How I Monitor 50 Competitors With a Screenshot API

2026-05-02 | Tags: [competitive-intelligence, screenshot-api, automation, python, monitoring, story]

I used to check competitor sites manually. Every Monday morning, I'd open a browser, tab through eight or ten URLs, scan for anything that looked different, and close the tabs feeling like I'd learned almost nothing.

After a few months of this, I built an automated system instead. It now monitors 50 competitor pages, runs twice a day, and emails me a summary with annotated screenshots when anything changes. Here's exactly how it works.

Why Screenshots Over Scraping

My first instinct was to scrape text — extract pricing tables, feature lists, button text. The problem: modern sites change their HTML structure constantly. Selectors break. You spend more time maintaining the scraper than reading the output.

Screenshots sidestep this entirely. I don't care about the DOM structure. I care about what the page looks like — whether the pricing changed, whether they launched a new hero, whether that "Coming Soon" badge disappeared. Screenshots capture exactly what a human would see.

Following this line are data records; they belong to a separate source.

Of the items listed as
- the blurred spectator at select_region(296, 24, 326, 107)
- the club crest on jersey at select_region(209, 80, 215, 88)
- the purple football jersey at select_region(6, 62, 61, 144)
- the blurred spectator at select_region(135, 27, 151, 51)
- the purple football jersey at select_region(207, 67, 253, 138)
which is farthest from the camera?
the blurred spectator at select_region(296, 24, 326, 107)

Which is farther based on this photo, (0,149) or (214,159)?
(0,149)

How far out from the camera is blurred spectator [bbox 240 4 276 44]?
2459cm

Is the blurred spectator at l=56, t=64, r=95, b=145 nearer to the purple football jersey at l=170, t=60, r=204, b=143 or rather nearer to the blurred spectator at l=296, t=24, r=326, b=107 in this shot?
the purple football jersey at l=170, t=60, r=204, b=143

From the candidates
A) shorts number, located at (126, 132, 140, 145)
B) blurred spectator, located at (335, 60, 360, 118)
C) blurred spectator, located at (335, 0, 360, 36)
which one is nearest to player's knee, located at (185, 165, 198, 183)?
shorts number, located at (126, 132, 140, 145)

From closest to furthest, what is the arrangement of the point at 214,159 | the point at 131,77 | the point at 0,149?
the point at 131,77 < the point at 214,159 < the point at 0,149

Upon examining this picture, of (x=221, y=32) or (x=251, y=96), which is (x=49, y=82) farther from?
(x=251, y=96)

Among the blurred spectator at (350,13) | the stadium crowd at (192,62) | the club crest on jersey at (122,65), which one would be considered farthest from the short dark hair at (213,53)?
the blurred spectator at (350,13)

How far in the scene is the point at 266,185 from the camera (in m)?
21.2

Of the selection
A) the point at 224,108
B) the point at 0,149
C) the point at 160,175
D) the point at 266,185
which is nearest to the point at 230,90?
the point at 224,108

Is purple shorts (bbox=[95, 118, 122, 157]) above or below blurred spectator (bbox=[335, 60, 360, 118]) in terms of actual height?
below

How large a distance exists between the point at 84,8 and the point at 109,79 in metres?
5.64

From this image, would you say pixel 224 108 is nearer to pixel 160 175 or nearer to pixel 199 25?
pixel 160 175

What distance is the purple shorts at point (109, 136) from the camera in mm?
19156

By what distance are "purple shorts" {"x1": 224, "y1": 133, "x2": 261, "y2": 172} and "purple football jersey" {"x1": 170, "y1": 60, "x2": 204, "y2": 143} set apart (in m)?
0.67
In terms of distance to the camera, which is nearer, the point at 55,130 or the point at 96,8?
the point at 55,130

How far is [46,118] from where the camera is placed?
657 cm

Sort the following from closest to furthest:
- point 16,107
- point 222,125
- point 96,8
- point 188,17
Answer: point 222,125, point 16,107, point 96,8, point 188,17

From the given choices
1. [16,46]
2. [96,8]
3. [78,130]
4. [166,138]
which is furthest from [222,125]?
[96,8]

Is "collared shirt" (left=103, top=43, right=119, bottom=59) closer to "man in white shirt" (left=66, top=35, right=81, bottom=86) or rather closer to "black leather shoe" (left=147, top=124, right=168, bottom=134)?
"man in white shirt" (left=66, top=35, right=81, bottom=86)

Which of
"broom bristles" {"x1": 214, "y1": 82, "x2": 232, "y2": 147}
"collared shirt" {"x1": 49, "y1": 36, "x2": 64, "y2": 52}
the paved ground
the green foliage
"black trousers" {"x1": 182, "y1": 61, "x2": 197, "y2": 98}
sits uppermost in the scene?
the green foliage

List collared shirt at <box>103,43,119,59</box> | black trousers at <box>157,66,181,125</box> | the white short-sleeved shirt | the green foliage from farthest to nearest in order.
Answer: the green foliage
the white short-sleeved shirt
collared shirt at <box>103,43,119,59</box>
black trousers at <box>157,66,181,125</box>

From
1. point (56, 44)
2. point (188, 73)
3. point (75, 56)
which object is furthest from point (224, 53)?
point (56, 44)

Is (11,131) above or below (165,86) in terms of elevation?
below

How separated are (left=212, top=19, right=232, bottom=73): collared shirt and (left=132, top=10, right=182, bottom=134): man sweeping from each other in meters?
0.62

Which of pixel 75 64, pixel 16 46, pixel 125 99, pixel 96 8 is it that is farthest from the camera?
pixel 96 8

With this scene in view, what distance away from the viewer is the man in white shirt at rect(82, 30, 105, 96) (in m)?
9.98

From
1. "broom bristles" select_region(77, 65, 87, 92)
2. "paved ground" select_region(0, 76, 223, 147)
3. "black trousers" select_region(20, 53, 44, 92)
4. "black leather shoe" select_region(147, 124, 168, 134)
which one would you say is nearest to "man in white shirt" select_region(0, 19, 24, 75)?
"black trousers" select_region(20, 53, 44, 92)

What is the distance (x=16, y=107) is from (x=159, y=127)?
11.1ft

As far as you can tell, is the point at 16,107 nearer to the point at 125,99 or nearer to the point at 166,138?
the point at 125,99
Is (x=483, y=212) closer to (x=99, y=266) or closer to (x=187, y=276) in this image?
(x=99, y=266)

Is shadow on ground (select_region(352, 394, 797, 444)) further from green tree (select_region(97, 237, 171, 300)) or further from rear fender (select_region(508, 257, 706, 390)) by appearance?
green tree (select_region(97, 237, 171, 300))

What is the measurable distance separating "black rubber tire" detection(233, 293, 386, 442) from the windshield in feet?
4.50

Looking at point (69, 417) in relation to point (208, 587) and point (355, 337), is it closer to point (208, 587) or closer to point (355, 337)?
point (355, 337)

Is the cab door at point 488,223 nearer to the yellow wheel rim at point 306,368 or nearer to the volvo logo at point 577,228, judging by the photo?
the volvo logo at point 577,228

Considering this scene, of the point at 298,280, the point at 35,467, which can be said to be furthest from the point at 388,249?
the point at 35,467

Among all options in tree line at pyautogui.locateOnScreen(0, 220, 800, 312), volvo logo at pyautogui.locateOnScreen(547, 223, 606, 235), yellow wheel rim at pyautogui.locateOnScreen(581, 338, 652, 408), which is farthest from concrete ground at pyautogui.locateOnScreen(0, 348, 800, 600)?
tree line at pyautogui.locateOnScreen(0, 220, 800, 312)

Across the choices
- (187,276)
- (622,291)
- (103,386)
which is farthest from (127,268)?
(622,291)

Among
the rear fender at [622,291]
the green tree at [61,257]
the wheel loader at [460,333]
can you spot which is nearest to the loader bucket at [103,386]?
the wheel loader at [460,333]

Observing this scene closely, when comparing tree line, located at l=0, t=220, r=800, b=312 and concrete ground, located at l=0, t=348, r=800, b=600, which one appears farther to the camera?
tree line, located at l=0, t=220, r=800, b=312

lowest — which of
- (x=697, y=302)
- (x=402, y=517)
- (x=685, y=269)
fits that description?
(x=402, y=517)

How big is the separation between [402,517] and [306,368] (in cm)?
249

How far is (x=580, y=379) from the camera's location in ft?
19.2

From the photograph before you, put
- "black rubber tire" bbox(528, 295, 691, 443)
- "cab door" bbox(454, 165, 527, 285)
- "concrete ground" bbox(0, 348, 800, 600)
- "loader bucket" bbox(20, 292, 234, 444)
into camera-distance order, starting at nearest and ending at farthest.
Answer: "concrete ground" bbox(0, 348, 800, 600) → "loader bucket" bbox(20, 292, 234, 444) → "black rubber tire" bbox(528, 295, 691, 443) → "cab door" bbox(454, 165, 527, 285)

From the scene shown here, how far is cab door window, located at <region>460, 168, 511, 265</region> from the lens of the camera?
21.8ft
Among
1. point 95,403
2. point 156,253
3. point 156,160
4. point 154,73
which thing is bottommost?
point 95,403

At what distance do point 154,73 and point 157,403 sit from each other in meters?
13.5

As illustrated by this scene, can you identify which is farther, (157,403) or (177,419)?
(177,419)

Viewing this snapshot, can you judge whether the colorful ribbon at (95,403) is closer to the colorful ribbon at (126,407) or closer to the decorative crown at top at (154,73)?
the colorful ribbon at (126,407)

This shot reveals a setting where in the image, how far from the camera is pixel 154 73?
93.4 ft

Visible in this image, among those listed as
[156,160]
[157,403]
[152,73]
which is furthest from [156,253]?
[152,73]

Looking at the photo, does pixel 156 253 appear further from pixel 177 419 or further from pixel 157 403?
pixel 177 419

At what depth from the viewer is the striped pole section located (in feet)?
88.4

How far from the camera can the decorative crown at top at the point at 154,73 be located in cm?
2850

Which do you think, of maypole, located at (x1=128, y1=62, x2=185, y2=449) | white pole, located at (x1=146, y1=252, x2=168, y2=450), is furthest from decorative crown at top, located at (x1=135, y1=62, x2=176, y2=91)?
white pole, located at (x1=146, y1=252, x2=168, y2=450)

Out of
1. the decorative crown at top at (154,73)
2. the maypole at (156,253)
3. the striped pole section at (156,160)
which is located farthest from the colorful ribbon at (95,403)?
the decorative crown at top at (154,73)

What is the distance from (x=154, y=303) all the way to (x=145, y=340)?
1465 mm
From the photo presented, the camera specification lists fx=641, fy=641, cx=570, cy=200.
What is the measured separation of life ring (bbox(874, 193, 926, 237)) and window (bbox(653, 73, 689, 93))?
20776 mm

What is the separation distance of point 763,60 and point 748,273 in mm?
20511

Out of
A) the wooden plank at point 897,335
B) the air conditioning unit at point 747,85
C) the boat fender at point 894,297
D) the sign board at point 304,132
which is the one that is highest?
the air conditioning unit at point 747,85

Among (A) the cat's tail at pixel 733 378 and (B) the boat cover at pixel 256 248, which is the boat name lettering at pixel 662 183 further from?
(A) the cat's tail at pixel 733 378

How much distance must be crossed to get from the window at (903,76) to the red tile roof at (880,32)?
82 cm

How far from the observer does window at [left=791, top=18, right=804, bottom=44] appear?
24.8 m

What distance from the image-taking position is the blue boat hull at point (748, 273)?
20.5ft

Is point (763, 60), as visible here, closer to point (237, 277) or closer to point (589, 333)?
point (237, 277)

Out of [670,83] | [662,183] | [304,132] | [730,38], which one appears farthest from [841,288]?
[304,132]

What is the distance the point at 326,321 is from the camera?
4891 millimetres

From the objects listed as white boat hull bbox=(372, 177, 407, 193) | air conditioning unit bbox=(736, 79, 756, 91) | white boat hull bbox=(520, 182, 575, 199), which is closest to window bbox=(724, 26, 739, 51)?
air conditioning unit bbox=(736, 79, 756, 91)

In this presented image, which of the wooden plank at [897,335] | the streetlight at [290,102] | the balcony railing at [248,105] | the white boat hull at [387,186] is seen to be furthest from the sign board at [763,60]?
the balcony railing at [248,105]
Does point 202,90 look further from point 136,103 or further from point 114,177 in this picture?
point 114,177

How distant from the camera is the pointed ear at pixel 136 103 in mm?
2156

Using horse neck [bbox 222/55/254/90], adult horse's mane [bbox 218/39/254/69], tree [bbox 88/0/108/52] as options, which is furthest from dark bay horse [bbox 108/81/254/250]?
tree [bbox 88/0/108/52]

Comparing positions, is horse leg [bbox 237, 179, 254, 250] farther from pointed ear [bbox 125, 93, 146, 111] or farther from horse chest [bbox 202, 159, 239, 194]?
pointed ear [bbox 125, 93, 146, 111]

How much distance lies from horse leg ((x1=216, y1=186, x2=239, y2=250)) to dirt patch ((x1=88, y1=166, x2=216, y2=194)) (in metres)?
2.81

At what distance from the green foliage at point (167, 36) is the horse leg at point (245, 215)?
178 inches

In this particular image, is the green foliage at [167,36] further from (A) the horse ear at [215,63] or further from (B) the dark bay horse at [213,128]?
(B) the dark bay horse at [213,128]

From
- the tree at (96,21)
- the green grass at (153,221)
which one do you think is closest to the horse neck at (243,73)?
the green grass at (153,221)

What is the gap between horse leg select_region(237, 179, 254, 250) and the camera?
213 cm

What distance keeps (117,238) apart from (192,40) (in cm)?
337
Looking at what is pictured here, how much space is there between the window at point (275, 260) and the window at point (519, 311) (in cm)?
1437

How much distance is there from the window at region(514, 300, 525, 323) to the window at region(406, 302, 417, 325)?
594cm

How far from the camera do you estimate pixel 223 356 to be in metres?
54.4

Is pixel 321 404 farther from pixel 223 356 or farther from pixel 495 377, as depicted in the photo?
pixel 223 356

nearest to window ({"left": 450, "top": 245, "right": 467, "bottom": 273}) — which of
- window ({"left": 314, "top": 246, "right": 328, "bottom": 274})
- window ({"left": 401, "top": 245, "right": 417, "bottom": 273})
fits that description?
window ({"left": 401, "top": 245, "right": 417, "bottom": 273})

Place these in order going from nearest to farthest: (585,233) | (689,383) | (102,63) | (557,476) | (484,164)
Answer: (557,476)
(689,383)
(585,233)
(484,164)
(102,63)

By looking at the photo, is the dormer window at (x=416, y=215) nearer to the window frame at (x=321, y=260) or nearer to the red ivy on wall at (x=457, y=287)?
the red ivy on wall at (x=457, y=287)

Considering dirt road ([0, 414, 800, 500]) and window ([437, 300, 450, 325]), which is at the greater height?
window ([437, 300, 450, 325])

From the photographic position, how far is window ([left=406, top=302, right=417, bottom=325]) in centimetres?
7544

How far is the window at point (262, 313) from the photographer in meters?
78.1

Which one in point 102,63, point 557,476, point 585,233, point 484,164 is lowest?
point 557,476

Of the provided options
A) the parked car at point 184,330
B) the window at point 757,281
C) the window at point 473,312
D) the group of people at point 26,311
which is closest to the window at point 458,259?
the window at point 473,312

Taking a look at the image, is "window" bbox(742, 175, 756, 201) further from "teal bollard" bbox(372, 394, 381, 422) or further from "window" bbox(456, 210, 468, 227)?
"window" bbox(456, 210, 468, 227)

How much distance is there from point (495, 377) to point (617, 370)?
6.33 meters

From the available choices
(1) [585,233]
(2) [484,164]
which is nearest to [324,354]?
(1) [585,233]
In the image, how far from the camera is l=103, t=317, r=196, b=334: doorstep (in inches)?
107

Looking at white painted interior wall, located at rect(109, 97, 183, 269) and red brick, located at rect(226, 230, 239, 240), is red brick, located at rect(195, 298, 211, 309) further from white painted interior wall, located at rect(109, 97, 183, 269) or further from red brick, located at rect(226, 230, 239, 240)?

The downside is you can't grep a screenshot. But combined with a pixel-diff to detect changes, and a manual review step for anything flagged, it's far more reliable than text extraction for competitive monitoring.

The Architecture

Cron (2x/day at 08:00 and 20:00 UTC)
    → Capture screenshots of all 50 pages
    → Compare against last capture (pixel diff)
    → For pages with > 2% change: flag for review
    → Send summary email with flagged pages + diff images
    → Archive all captures with timestamp

Step 1: The Competitor List

I maintain a YAML file with the URLs I monitor, organized by category:

# competitors.yml
categories:
  pricing:
    - name: "Competitor A"
      url: "https://competitor-a.com/pricing"
      threshold: 1.5  # % pixel change to flag
    - name: "Competitor B"
      url: "https://competitor-b.com/pricing"
      threshold: 2.0

  homepage:
    - name: "Competitor A"
      url: "https://competitor-a.com"
      threshold: 5.0  # homepages change more, higher threshold
    - name: "Competitor C"
      url: "https://competitor-c.com"
      threshold: 5.0

  features:
    - name: "Competitor A"
      url: "https://competitor-a.com/features"
      threshold: 2.0

The per-URL threshold matters: pricing pages should trigger on small changes (maybe they bumped a price $1). Homepages change all the time for A/B tests and shouldn't flood your inbox on every carousel update.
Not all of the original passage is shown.